I took three pulse readings of each driver, moving the mic around a bit, keeping the mic a few mm away from the cone, and somewhere off-centre. I then took a fourth reading placing the mic exactly a few mm in front of the tip of the phase plug. The textbooks say that nearfield measurements need to be taken with the mic in front of the dust cap, but then the dust cap moves with the cone, but these drivers have phase plugs, and phase plugs don't move. Therefore, I thought I'll take a few readings from just in front of the cone surface and one from in front of the phase plug.
While taking the woofer readings, I got lazy and did not move the mic around much for the first three. The fourth, with the mic in front of the phase plug, is done by moving the mic to the new position.
From the pulse measurements, I computed the frequency response curves, ignoring gating and taking into account the mic's calibration curve. I used the Blackman algorithm for the transformation. (Does the algorithm make a big difference?)
This is what I got for the midrange.
And this is what I got for the woofer.
All the curves have X-axis from 10 Hz to 2000 Hz. All curves have been smoothed to 1/16-octave. The raw unsmoothed curves were very "hairy". I don't usually smooth my measurements, but these were uniformly too hairy to look at. My gated farfield measurements have no smoothing.
I have shown all four readings in each case. There are repeatable peak-to-peak spikes and troughs of 10-12dB in both drivers. What causes these?

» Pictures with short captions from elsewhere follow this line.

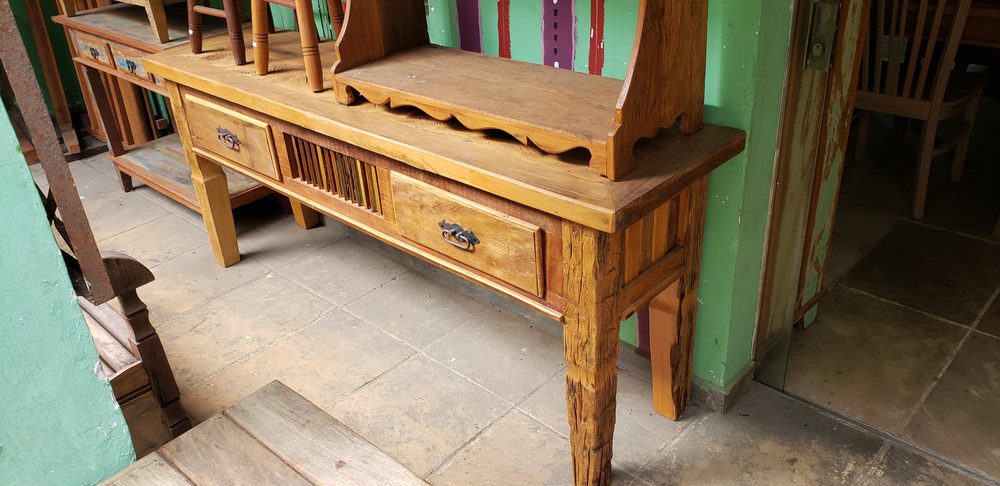 Aparador de madeira maciça da Vintage Decor, peça APA-22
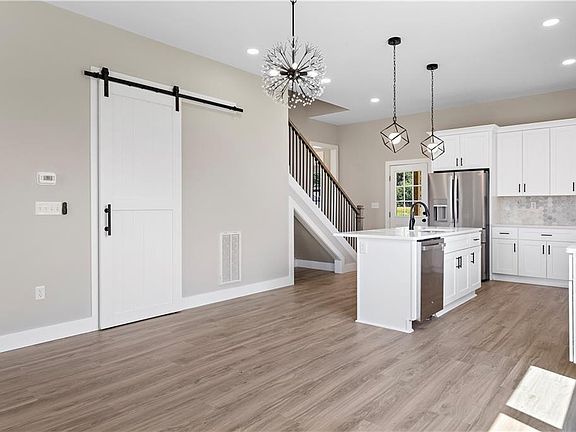 5th image of 4529 Alliance Rd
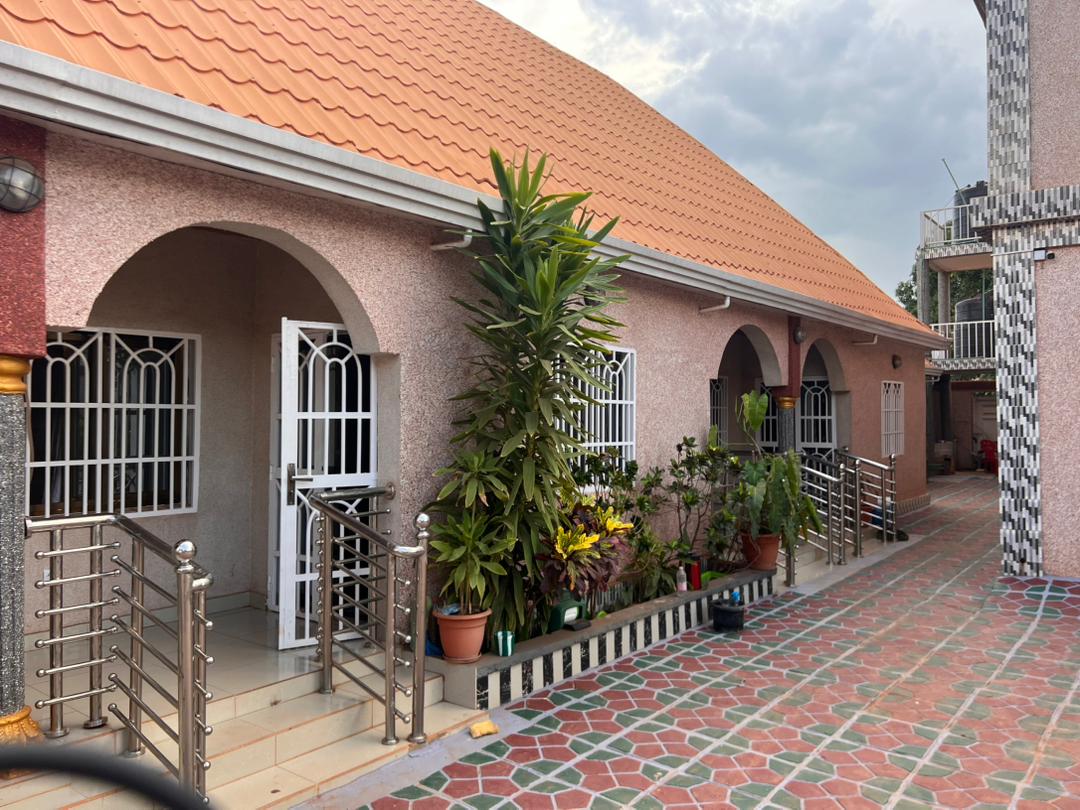 Appartement Meublé d'une chambre simple , une douche interne, un salon, et une terrasse - Photo 4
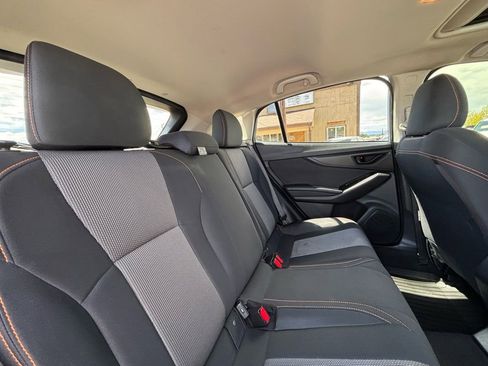 Used 2021 Subaru Crosstrek 2.0i Premium w/ Moonroof Package AWD/4WD image 21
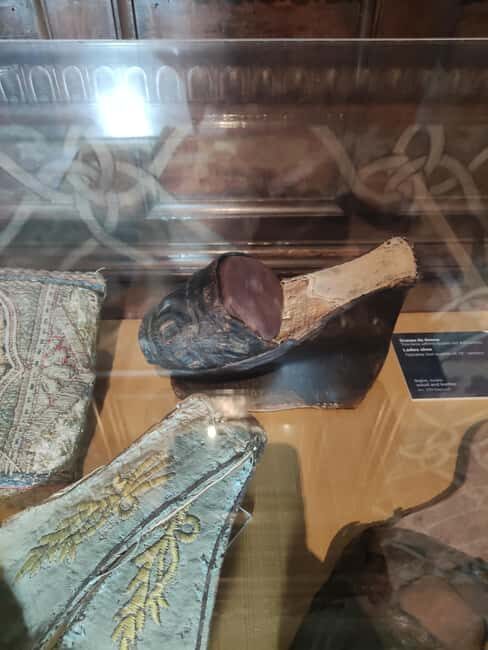 Florence: Explore Medieval Life in an Authentic Home - Frequently Asked Questions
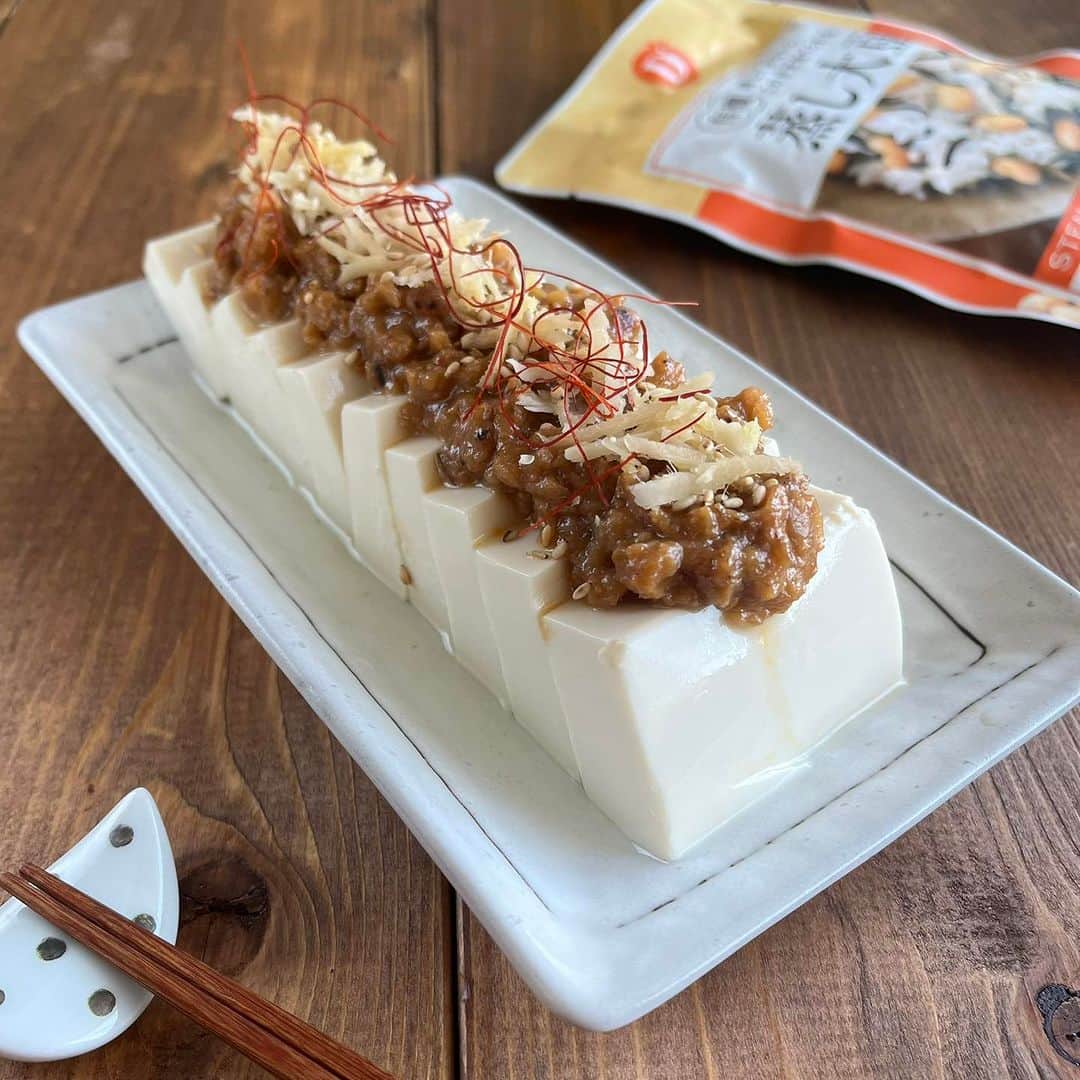 のインスタグラム：「こんにちは！ 本日は、 蒸し大豆を袋の上からムギュムギュ潰してミンチの代わりに👩‍🍳  蒸し大豆肉味噌を豆腐の上にトッピングしました🍽✨  いつものお豆腐もトッピングを代えれば新メニューですよね！！！  豆腐に蒸し大豆ミンチをオンということで、またまた大豆モリモリレシピです💪💪  今回のだいず肉味噌はごはんに乗せても、お野菜と一緒に食べてもとっても美味しいですよ🫶💞  アレンジ色々楽しめます🎶  ぜひお試しください✨  #だいずデイズ #daizudays  #オーガニック　#ソイプロテイン　#植物性たんぱく質　#大豆ミート #豆腐アレンジ」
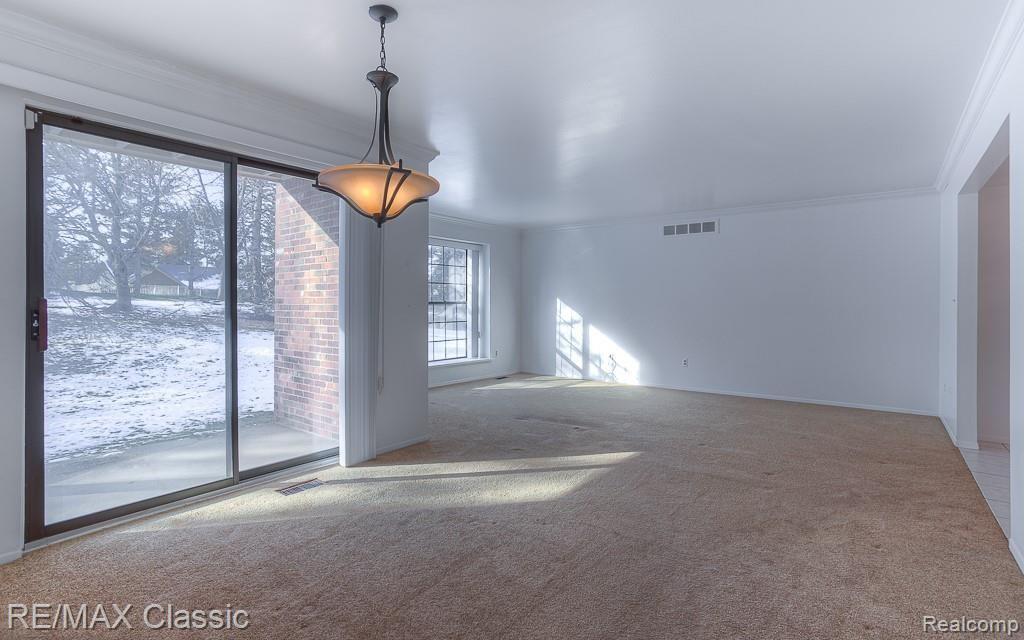 37031 Ridgedale Court Farmington Hills, MI 48331 - Photo 5 of 28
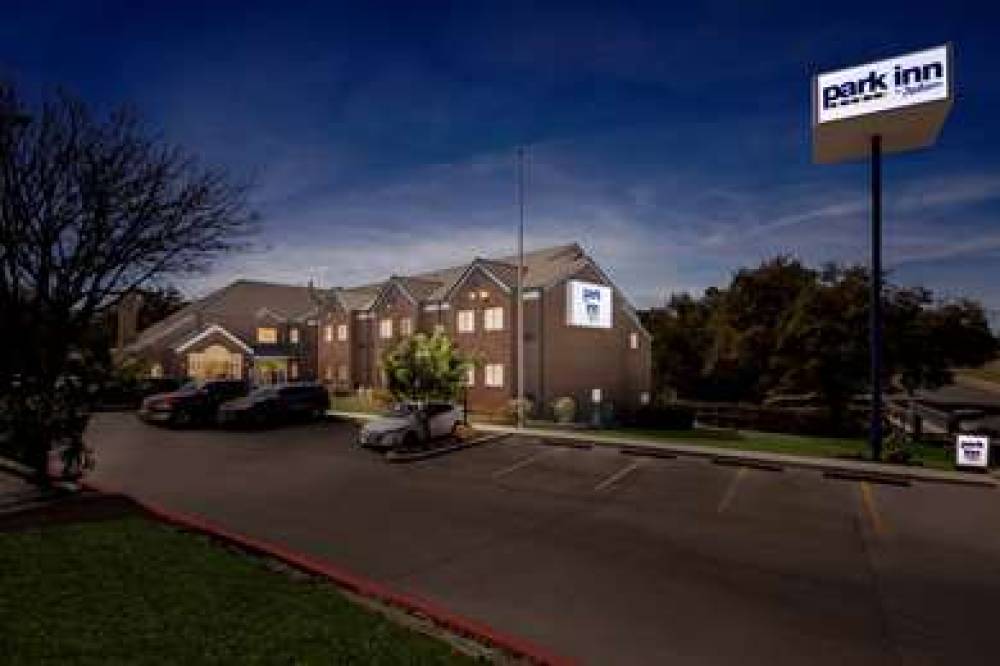 PARK INN BY RADISSON SAN ANTONIO 8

Try as I might, I could not get clean and realistic-looking graphs. I tried with both the midrange and woofer, at various mic distances, various sampling rates and sample sizes, at various gain settings. Nothing worked. So I called up Gooroo Angshoo, who is my go-to gooroo when all else fails. He suggested various things, but one of his suggestions struck me: he said that he never takes a pulse response for nearfield measurements. He takes a direct nearfield frequency measurement by telling Speaker Workshop to do the job. (Internally, the software must be going by the pulse route, but somewhere there is a difference.) So I tried it and immediately got believable curves:
I am showing two curves here, taken at different distances from the cone surface, to show that the curves were quite consistent. The absolute dB level of the SPL is inconsequential, because each movement of the mic position changes the absolute dB levels sharply with nearfield measurements. All these curves have been smoothed 1/16 octave.
For the midrange, I got this:
Once again, this has been smoothed 1/16 octave.
From these graphs, it was clear that I was getting acoustic rolloff of the mid at about 100 Hz, and for the woofer at about 50 Hz. I did not need the precise Q of the rolloff, because the final sound I will experience will be impacted much more by room modes than the Q of the speaker.
So, now I could think of designing a crossover.